Ce rappel à l’ordre était sans doute nécessaire au sein de la Coalition Sopi où presque tous les observateurs de la scène politique s’accordent à reconnaître que les investitures, surtout au niveau départemental, ont laissé un goût de cendre dans la bouche de plusieurs responsables. Soit parce qu’ils ne figurent pas eux-mêmes sur les listes, soit parce qu’ils sont mécontents de l’ordre de présence qui, à leurs yeux, ne leur est pas favorable au sein de ces mêmes listes. Soit encore, ils n’ont pas pu y faire figurer, comme ils l’entendaient, un de leurs poulains qui a été écarté au profit d’un tenant du camp adverse. Et bonjour la bagarre et les coups tordus !

Dans beaucoup de localités du pays, alors que la caravane du Sopi, qui a mis ses pas dans ceux de Me Wade à la présidentielle, n’y a pas encore fait escale, c’est déjà la guerre de tranchées entre les responsables locaux, investis ou non, qui ont sorti les poignards et les dagues pour se livrer à des duels sanglants.

De tels faits sont signalés tous les jours à travers les ondes des radios. C’est le cas à Tambacounda, à Kaolack, à Saint-Louis et autres lieux où, dit-on, chaque camp voire chaque clan mobilise de son côté, mène ses activités in petto, et l’on se prépare à accueillir Macky et le directoire dans la division la plus totale sur fond de règlement de comptes.

Et les votes-sanctions appréhendés par certains ne sont pas une vue de l’esprit, surtout lorsqu’on sait jusqu’où peuvent aller certaines inimitiés ou certaines rancœurs tenaces, voire mal cuites, qui peuvent faire perdre son propre camp dans le seul dessein de faire mal à son adversaire sans tenir compte des intérêts de son propre parti. Pour beaucoup d’observateurs, c’est cela le seul danger véritable qui guette la Coalition Sopi à ces législatives.

C’est pourquoi ce qui s’est passé hier à Bignona a réjoui Macky Sall qui n’a pas manqué de le magnifier et qui souhaite que l’exemple des retrouvailles entre Moussa Diédhiou et Abdoulaye Badji soit suivi par tous les autres responsables dans les localités du pays. Selon lui, il faut jeter rancune et frustrations à la rivière et se battre pour un seul but : donner la majorité à Me Wade réélu qui veut parachever ses réalisations et placer le pays sur l’orbite d’un nouvel élan dans sa marche vers la modernité et le progrès.

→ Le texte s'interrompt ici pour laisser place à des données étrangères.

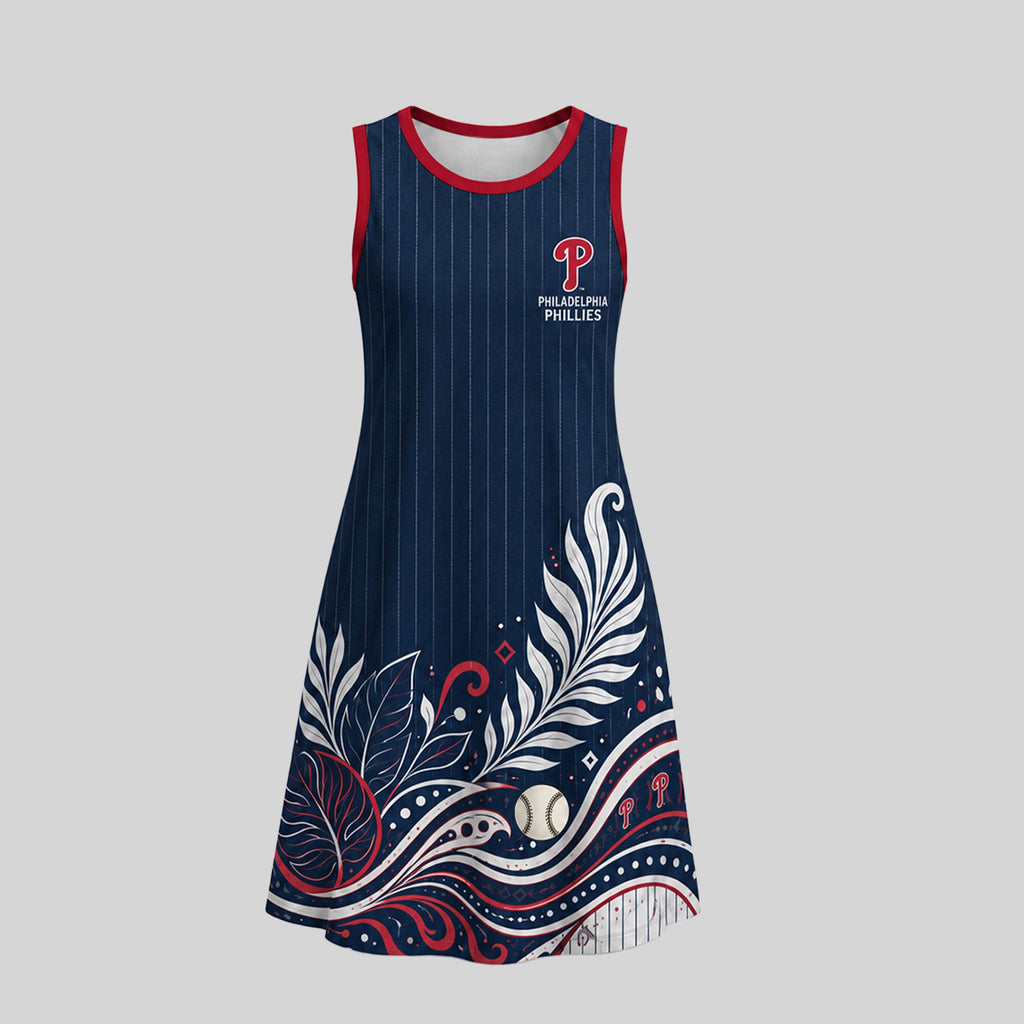 P.phillies | Premium M.l.b Floral Dress Td
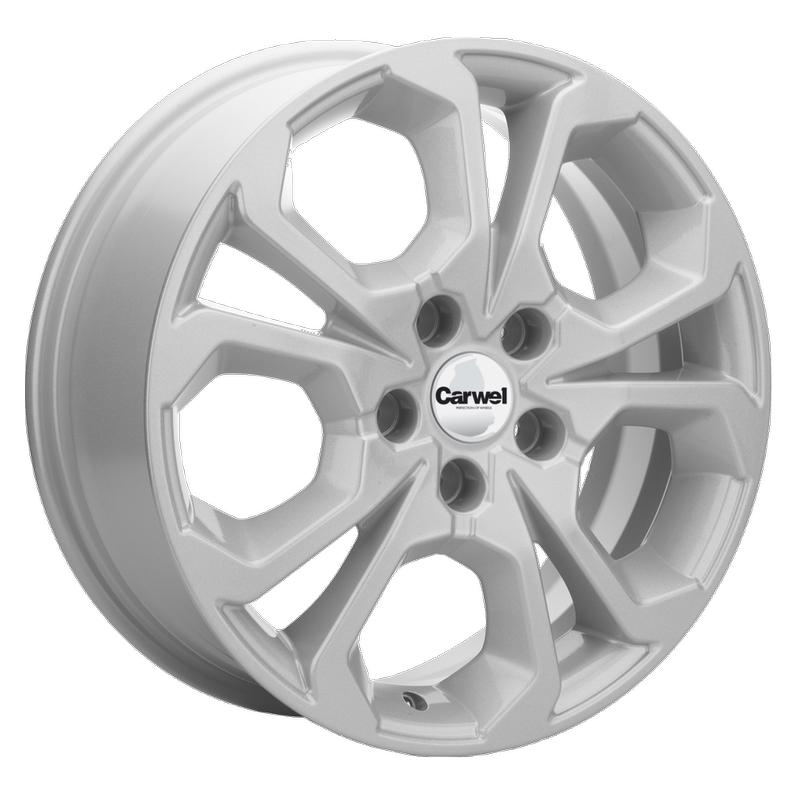 Литой колесный диск Carwel Шира SLT 6,5x17 5x114,3 ET40 D64,1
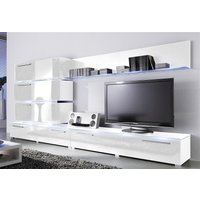 Höltkemeyer Wohnwand "Line" Set, 7 Stk. tlg. von Höltkemeyer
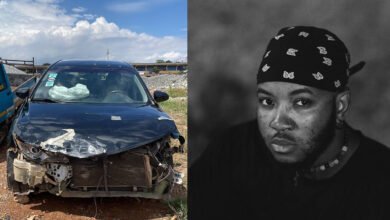 Kev the Topic miraculously unharmed in violent car crash - Full Details HERE!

Pour le reste, tout le monde peut constater que la campagne n’a pas encore pris son envol. Mais ce n’est pas la faute des candidats. Ils ont commencé à faire ce qu’ils doivent faire. Sillonner le pays, soutenir sur le plan local, départemental les listes qui portent leur drapeau, dérouler leur diagnostic sur la situation du pays, des villes et des campagnes, de l’arrière-pays, sur les régions périphériques, les préoccupations des populations en question, en termes d’équipements, de moyens de vivre, d’emploi et de vision de développement.

C’est un large catalogue de propositions voire de rectifications de la démarche sur un certain nombre de problèmes, que chaque parti ou coalition de partis va dérouler pendant ces trois semaines, non pas pour ferrer le gogo, mais pour vendre et porter une politique qui réponde aux aspirations populaires et aux attentes des Sénégalais.

Ceux qui parlent de campagne poussive ou d’un manque certain d’intérêt des populations à ces joutes qui ne font que commencer, vont sans doute plus vite que la musique. Laissons à nos candidats le temps de s’installer plus durablement dans la compétition, de prendre la mesure de leur sujet (beaucoup sont à leur première campagne), et d’intéresser les gens aux discours dont ils sont porteurs, avant de porter des jugements voire des sarcasmes sur cette campagne qui, boycott ou pas, à terme, verra émerger de nouvelles têtes à l’Assemblée nationale.

Le compte à rebours a commencé. Il faut faire confiance au génie de notre peuple et à l’intelligence des électeurs, et se garder de faire croire, alors que rien ne l’indique, qu’on aura une assemblée monocolore. La seule vérité qui vaille est celle du scrutin du 3 juin. C’est seulement à cette date que le peuple souverain parlera et livrera son verdict. Avant cette date, tout le reste, c’est de la politique-fiction.